I have a class like this:
struct X
{
enum Type { INT, FLOAT };
using val_t = std::tuple<int, float>;
X(Type t) : type(t) {}
Type type;
template<typename T>
X& operator =(T x)
{
// ???
static_assert(T is the same as `type');
// ???
std::get<type>(val) = x;
return *this;
}
val_t val;
};
Is it possible to assert at compile time if user tries to assign incompatible value?
For example:
X x1(X::INT);
x1 = 5; // OK
x1 = 3.14; // compilation error
Note: I prefer keeping the class as not a template because I need to keep its instances in collections (like std::vector etc).

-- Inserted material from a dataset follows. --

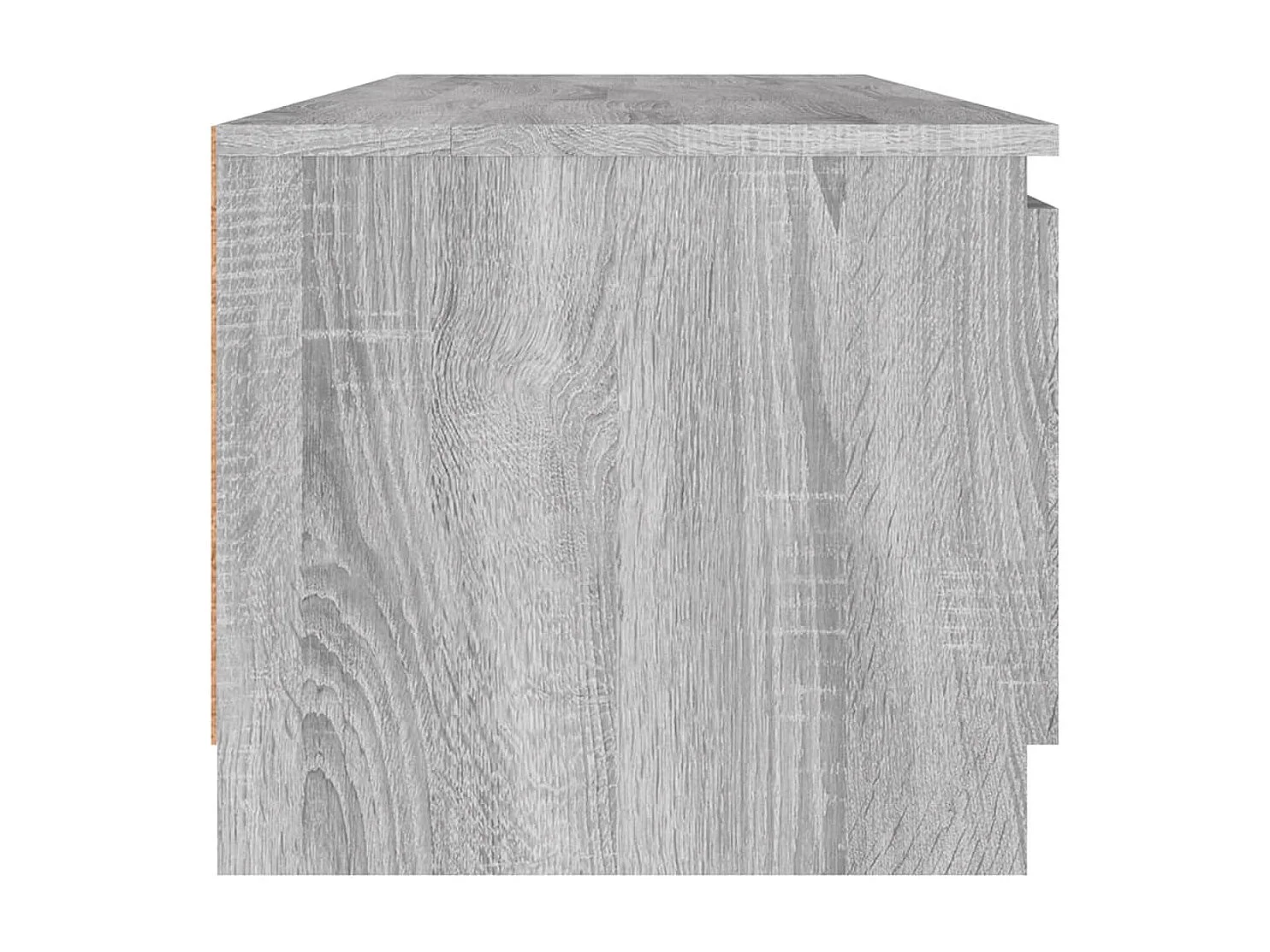 Móvel TV cinza Sonoma 140x40x35,5 cm Madeira trabalhada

You cannot: the value of type_ is run time data, compilation errors are not determined at runtime.
You could do:
enum Type { INT, FLOAT };
template<Type type_>
struct X {
using val_t = std::tuple<int, float>;
template<typename T>
X& operator =(T x) {
// ???
static_assert((type_==INT&&std::is_same<T,int>{})||(type_==FLOAT&&std::is_same<T,float>{}),
"types do not match"
);
std::get<T>(val) = x;
return *this;
}
val_t val;
};
X<INT> x1;
x1 = 5; // OK
x1 = 3.14; // compilation error
but I do not see much point.
One way would be to have a base type that does not do the checking just stores state, and a derived that knows its type.
struct Base{
enum {INT,FLOAT} Type;
// etc
};
template<Base::Type type>
struct Derived:private Base{
Derived():Base(type){}
using Base::some_method; // expose base methods
Base& get_base()&{return *this;}
Base get_base()&&{return std::move(*this);}
Base const& get_base()const&{return *this;}
template<class T>
Derived& operator=( T o){
static_assert((type_==INT&&std::is_same<T,int>{})||(type_==FLOAT&&std::is_same<T,float>{}),
"types do not match"
);
Base::operator=(std::move(o));
return *this;
}
};
Base does not check, at best it runtime asserts. Derived checks at compile time.
Niw when you know the type statically at compile time you use Derived<INT> d;; when you do not, or need to forget, use .get_base() or a Base b(type_enum_val);.